Preliminary remark: “zk-friendliness” of a hash function is not a purely intrinsic property - it depends on design/efficiency of the underlying AIRs (at least in the context of STARKs). AIR efficiency can vary by orders of magnitude, and of course AIR design depends on the particular proving protocol and implementation (it’s a bit of an art).

To start with some names, Blake, Pedersen, and Poseidon are all used in production rollups (e.g Starknet).

  1. Blake (like keccak and sha256) consists of many bitwise operations so it’s very execution friendly. From the zk perspective, bitwise operations are only native to binary fields, which are not commonly used at the moment (neither for EC nor for STARKs). Hence Blake isn’t zk-native. As remarked above, zk-friendliness depends on the ambient proving protocol and implementation.
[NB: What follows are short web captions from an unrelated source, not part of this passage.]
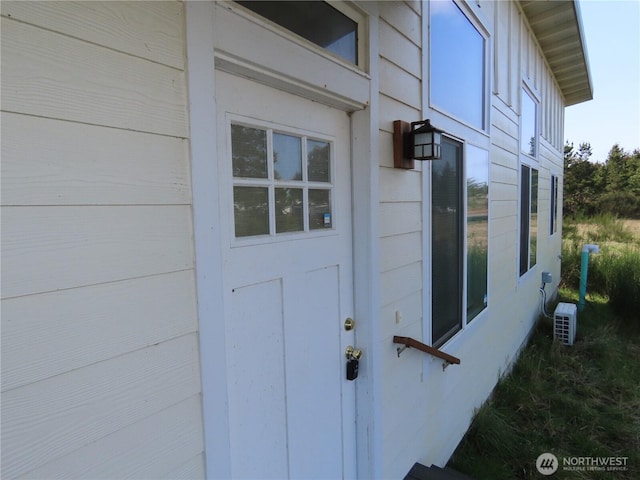 943 Silver King Ave SE, Ocean Shores, WA 98569 - property entrance featuring ac unit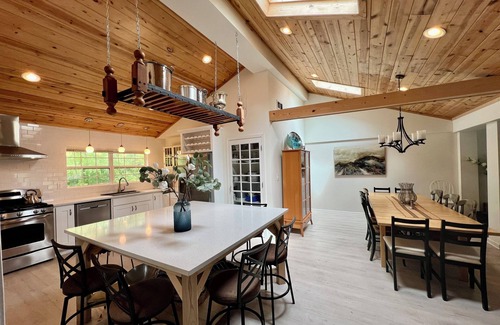 Powers Lake Villa | Exclusive Lakefront Retreat with Beach, Piers & More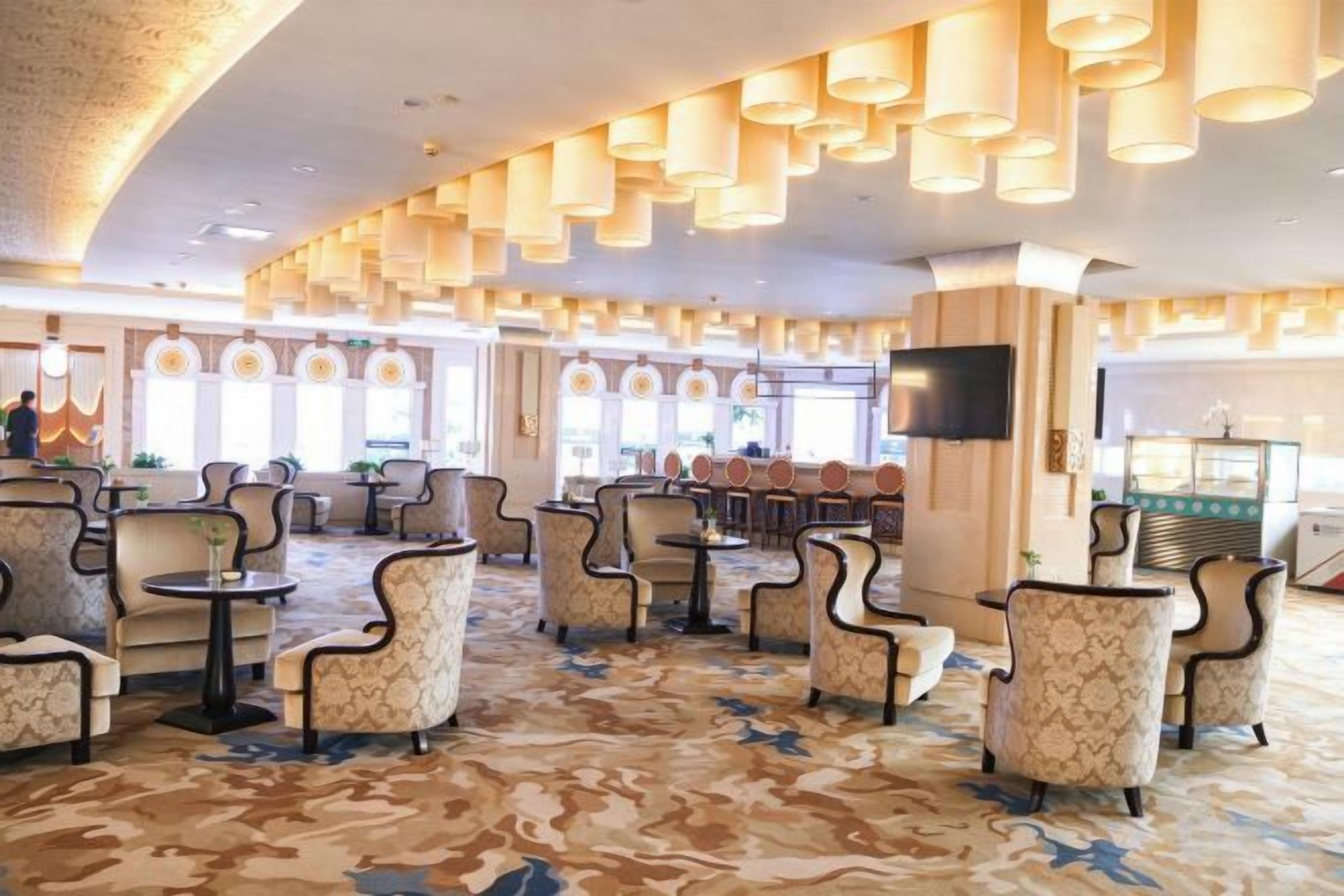 A spacious lobby with multiple seating areas, a television screen, and a bar area.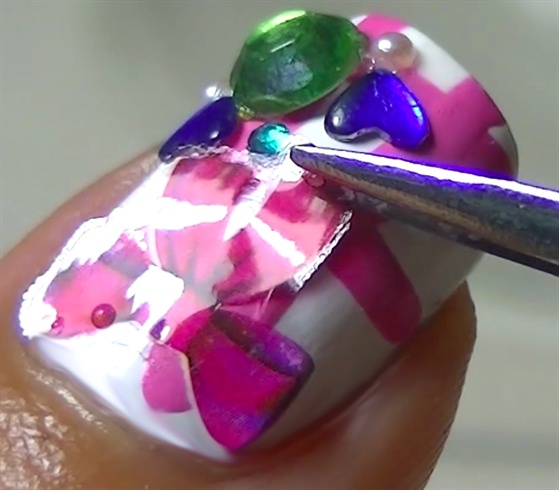 As long as the water decal has water, it will slide and you can freely position it on your nails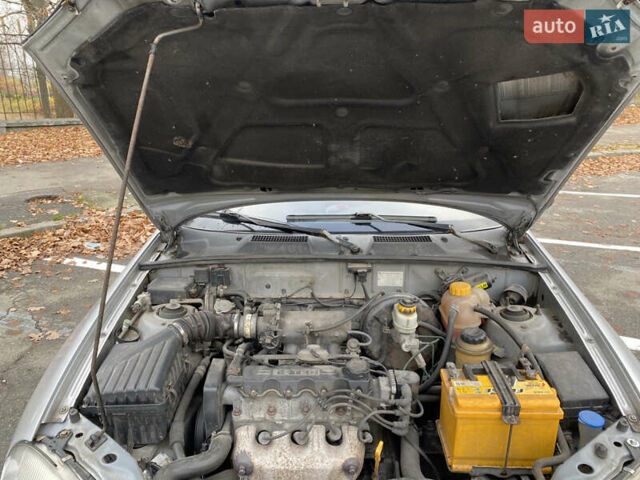 Серый Дэу Ланос, объемом двигателя 1.5 л и пробегом 315 тыс. км за 2600 $, фото 22 на Automoto.ua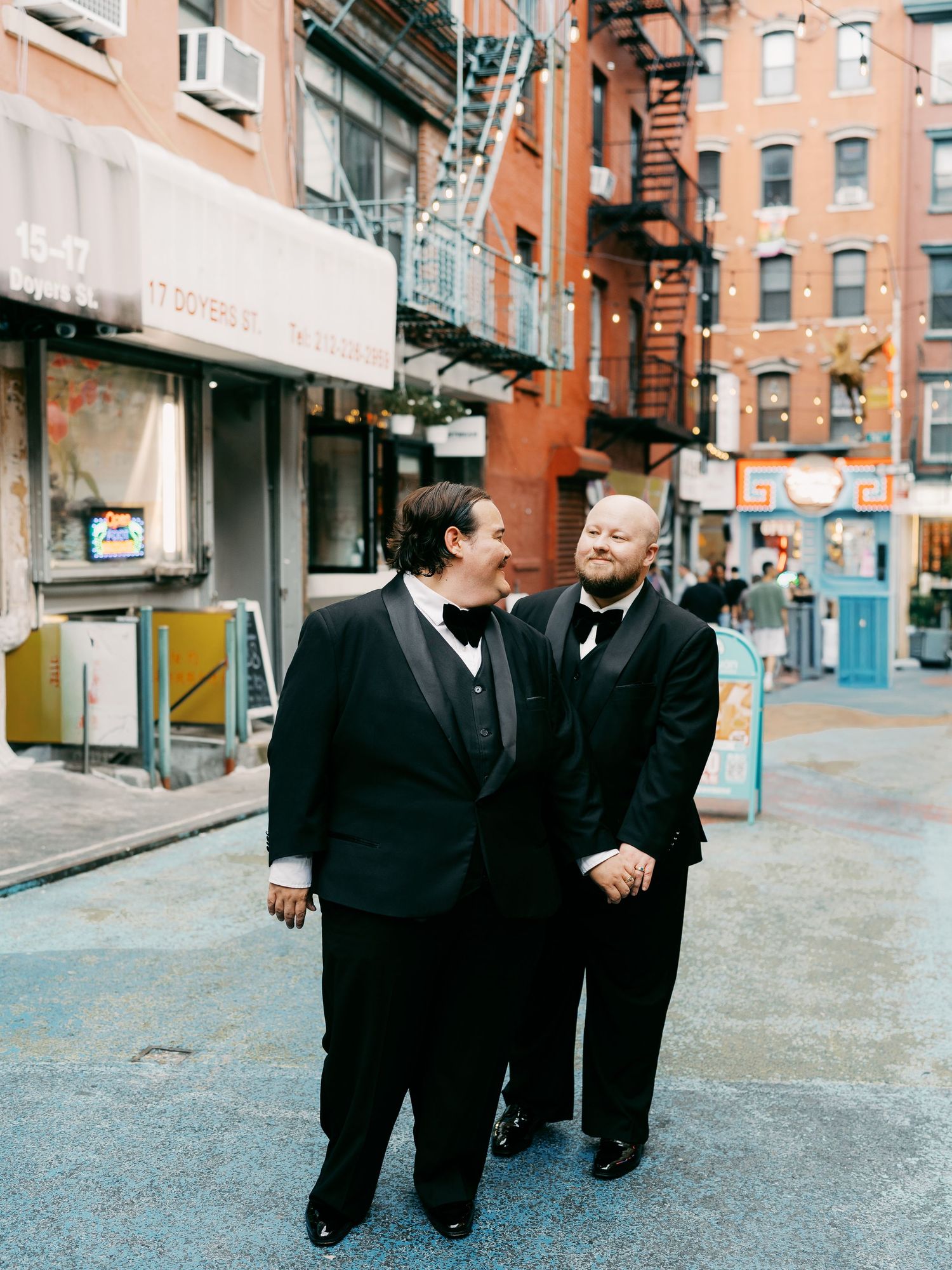 People in dark suits walking along a brick building with fire escapes.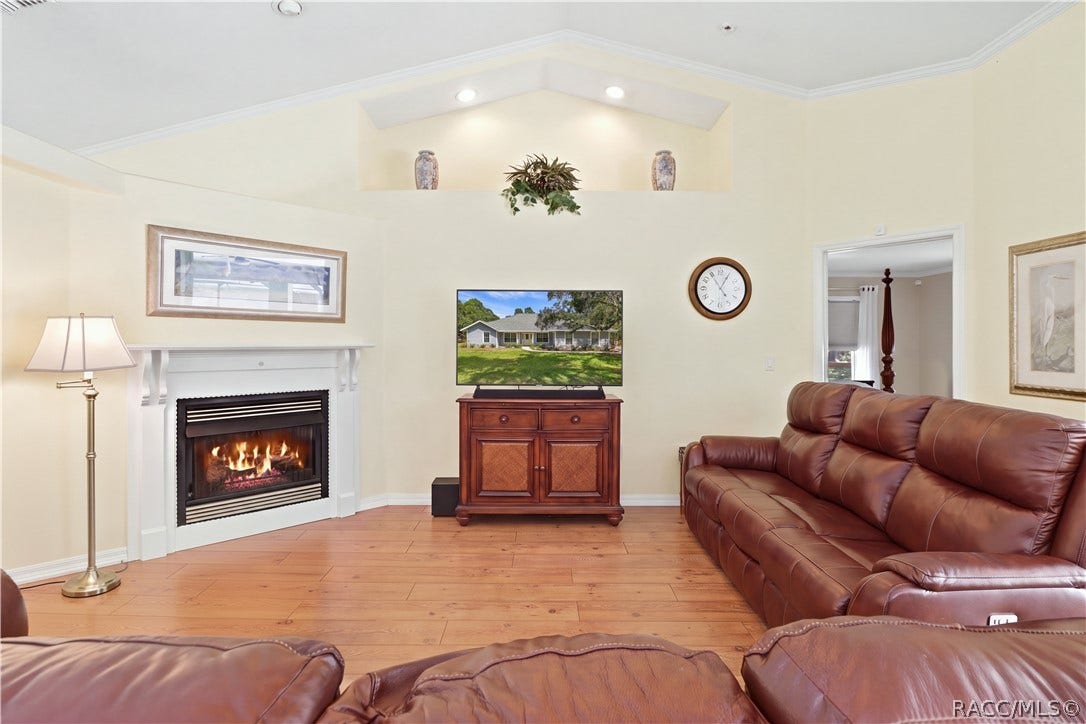 2593 S Columbine Avenue, Homosassa, FL 34448 Living Room with GAS Fireplace Inviting living room featuring a gas fireplace, vaulted ceiling, architectural display ledge, recessed lighting & crown molding. (Gas for the fireplace is not hooked up).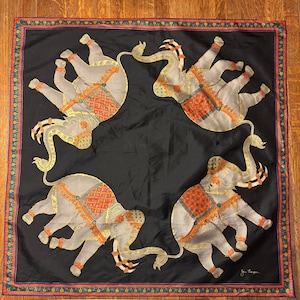 May include: Square black scarf featuring four grey elephants with orange and gold detailing in a repeating pattern. The scarf has a decorative border with teal, orange, and gold details. The scarf is made of a silky material.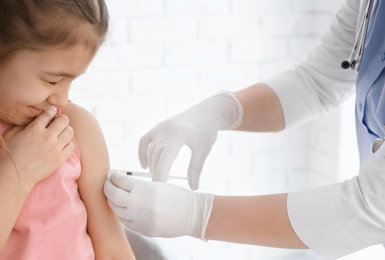 Doctor vaccinating little girl in hospital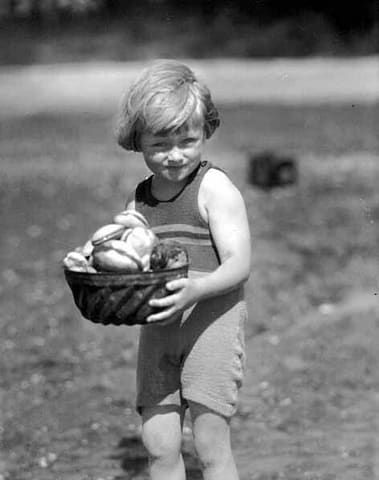 Child in a swimsuit holding a basket of clams, probably Washington State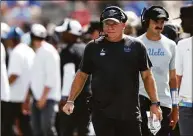  ?? Sean M. Haffey / Getty Images ?? UCLA coach Chip Kelly will face his former team when the ninth-ranked Bruins face No. 10 Oregon on Saturday.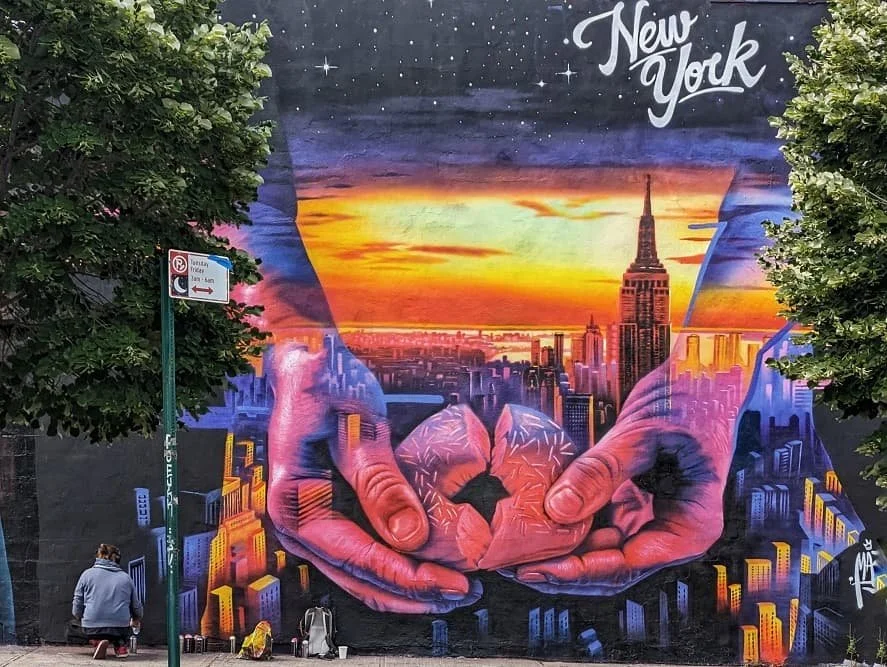 Colorful mural of NYC skyline with Empire State Building and sunset in Bushwick Brooklyn.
There’s a very efficient AIR for the Stwo prover for STARKs over Mersenne 31.

  2. Pedersen (roughly) takes two felts, concatenates them, and returns the associated multiple of some EC generator. It’s relatively zk-friendly if your proving protocol works over the same field. Pedersen lacks entropy in small fields such as Mersenne 31 and consequently isn’t secure in the naive approach. On the other hand, proving is much more efficient over small fields. There’s a middle ground if you use ECs over an extension field, but then you’re losing proving efficiency due to the overhead of representing EC ops using base felts. Note EC ops are also relatively heavy to execute.

  3. Poseidon takes a vector of felts and returns another via sequences of matrix multiplications and pointwise powers and additions. Hence it’s very execution-friendly and also quite zk-friendly assuming efficient AIRs. It also has plenty of entropy so it can be used over smaller fields. If you want a secure zk-friendly hash compatible with small fields, I think this is the best option.

I’d choose between Blake and small-field Poseidon depending on whether you want to optimize for execution time or proving time.